Certain franchises are more difficult for me to play and review than others. F1, Dragonball Z, PES, and Naruto are amongst the tougher nuts to crack. While I have played several Naruto games over the years, I found their immense lore and history a real struggle to break into. That remained the case back in March when I played Naruto Shippuden: Ultimate Ninja Storm 3. While a competent fighter and chock full of fan service, which is always great to see whether I happen to be a fan or not, I ultimately didn't find myself drawn-in and compelled to play much longer than necessary.

Fast forward about six months and I find myself playing -- and actually enjoying more so than before -- UNS3 Full Burst. That said, it's not really so much the new content in Full Burst that has given me a renewed, yet still tempered, enjoyment with UNS3; I think it's just a deeper appreciation for the growth of the series and its commitment to fans. Let's take a bullet-point list approach to what exactly is new with Full Burst:

-New Playable Chapter - Itachi seeks to control the Reanimation jutsu after being free of Kabuto's control. It's up to an unlikely alliance between Uchicha and Sasuke to bring balance.
-New Playable Character - For versus battle, including online, Kabuto is now available.
-Director's Cut cutscenes - "Completely revamped" cutscenes.
-Challenge Missions - 100 New Challenge Missions.
-Thirty-Eight Additional Costumes - Some previously released as DLC.

The new chapter is not available from the main menu, but it is at some point playable in Ultimate Adventure, which is the campaign mode. I haven't played the Ultimate Adventure to completion, though. As with the UNS3, the Ultimate Adventure begins with the assault on the Hidden Leaf Village by the enormous Nine Tails and continues the 4th great ninja war. The epic boss fights and the Ultimate Decisions within this story mode remain intriguing. These Decisions are routes that you can take at key points in the story. The routes are known as either Legend or Hero. You can mix them as you go, but both of these go towards what Ninja Tool palettes you have for other modes in the story. Certain items are only available for Legends and others for Heroes. Some modes, including the new Challenge Missions, allow you to go into your inventory and to the Shop to buy and sell Items to equip on your Legend and Hero palettes. These palettes, which are controlled with the four button of the d-pad, give you in-fight items to use, whether they be offensive or defensive one-off aids or consumables like ointments to instantly revive some health or Chakra. Bentos are other items that can be bought and use for a single-battle use. These change parameters such as increasing your attack power or giving your resistance to poison which may be a type of attack that your enemy can use.

While the Ultimate Adventure mode will appeal to entrenched Naruto fans (and less to those like me who aren't comfortably familiar with the franchise), I actually found the Free Battle modes to be more compelling and suited for my interest level in the game. The new Challenge Missions mode has ten sets of ten challenges, which increase in difficulty as you go. Shop access and the ability to customize your Ninja Tools is absolutely key. Each Challenge has specific parameters associated with it too, some optional and some that aren't. For an engaging, not-so-committal and quick way to play, the Challenges are great.

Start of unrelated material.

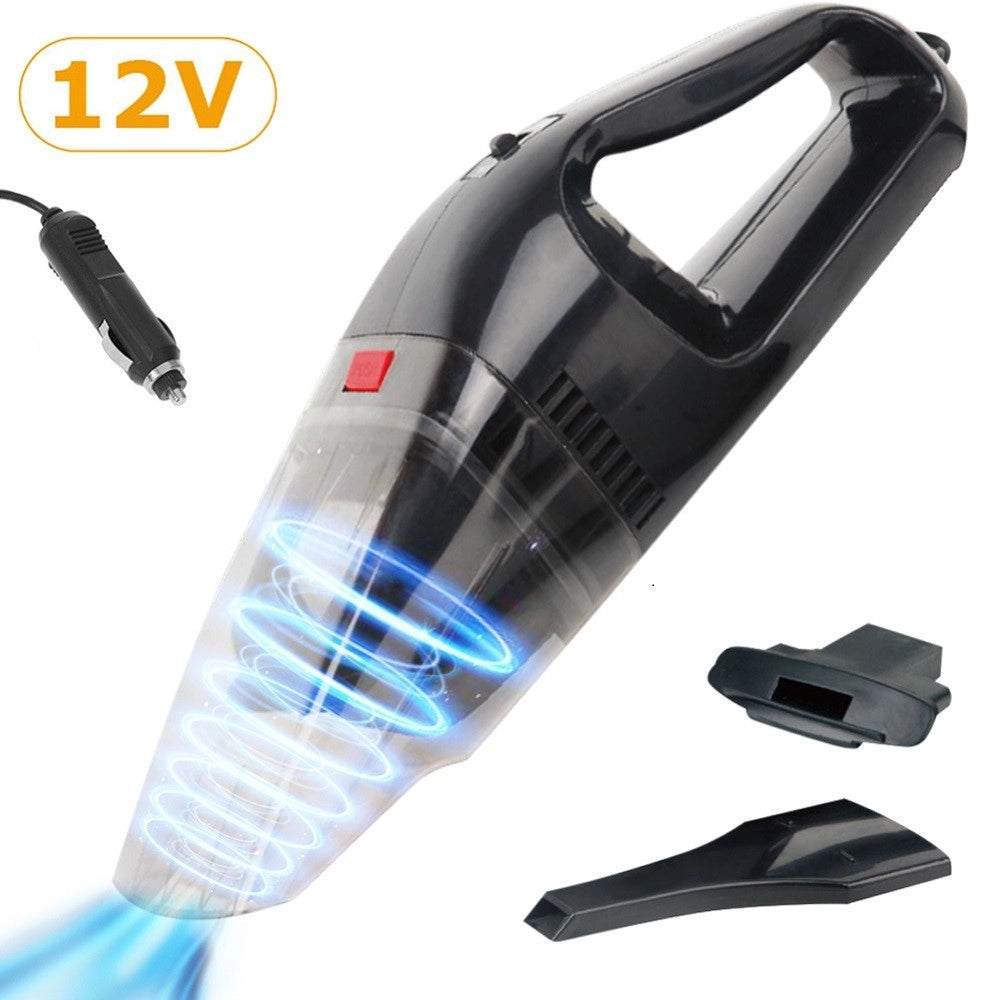 Trade Shop - Aspirapolvere Ciclonico Portatile Per Auto 12v Dustbuster Senza Sacchetto 60w -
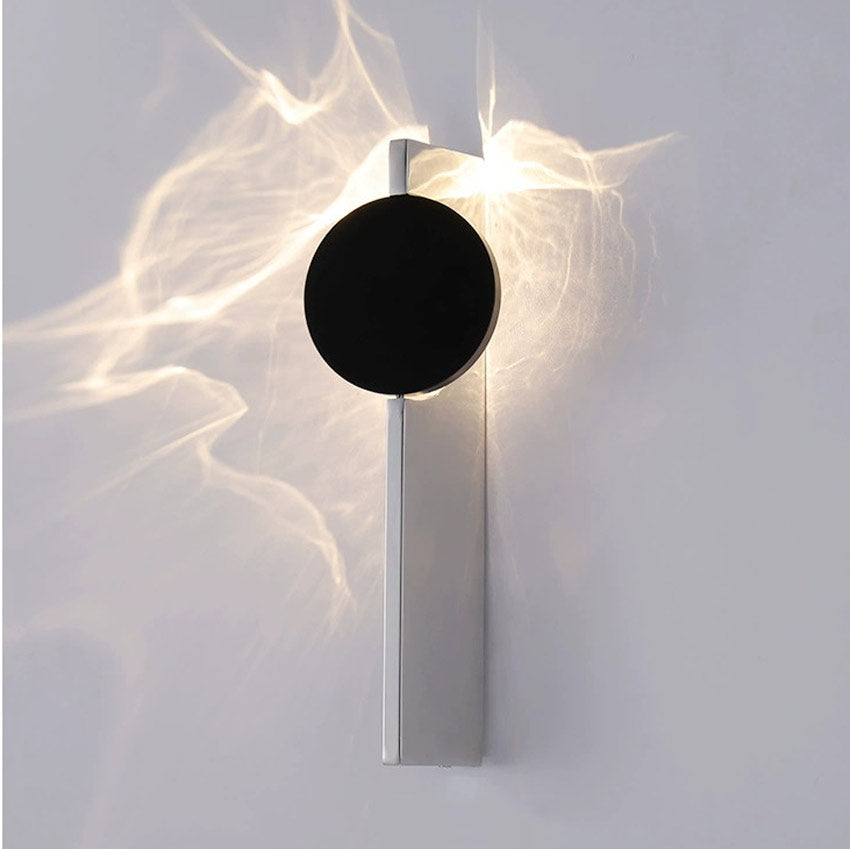 Ripple Rotating Wall Lamp | Yedwo Design – YEDWO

Various four and eight character tournaments are included too. Another local player can jump in or you can pit yourself against the CPU. Depending on the type of tournament, you can either select the CPU characters or they are pre-defined. The Perpetual Challenge Tourney has two randomized conditions that are set before each battle, such as throws doing big damage or no substitution jutsus allowed. Players select their character (for me, Kakashi was my favorite) and their battle arena. There is an insane number of characters to unlock, with around forty already available at the outset. Plus, most characters have a variation that gives them a different look and jutsu(s). As for arenas, there are thirty-six of these, although a few are day/night or otherwise basic variations, and the arena of choice remains a constant for all of your battles in the tourney. I think the option to change the venue in between fights would have been a plus. Also, unlike the Challenge Missions, in the tournaments your Ninja Tools are basically pre-determined, you have no say on what you go into battle with. That randomness sort of streamlines the experience, but it is a little bit surprising for a game that has so many miscellaneous Items, Titles, pop-up tutorials, and customizations. Winning unlocks new purchaseable items and Ryo to spend on goods. Finally, an online mode is also included and in limited testing, it functioned well and you're not likely to have too much trouble finding someone to connect with in what is ultimately still a niche audience.

With that, let's get to the summary...

Editor reviews

Many would agree that Ultimate Ninja Storm 3 was the most complete Naruto game to date, and Full Burst only extends what UNS3 had to offer. It's still a niche game for a niche audience, but it's well-developed, refined, and loaded with quality content.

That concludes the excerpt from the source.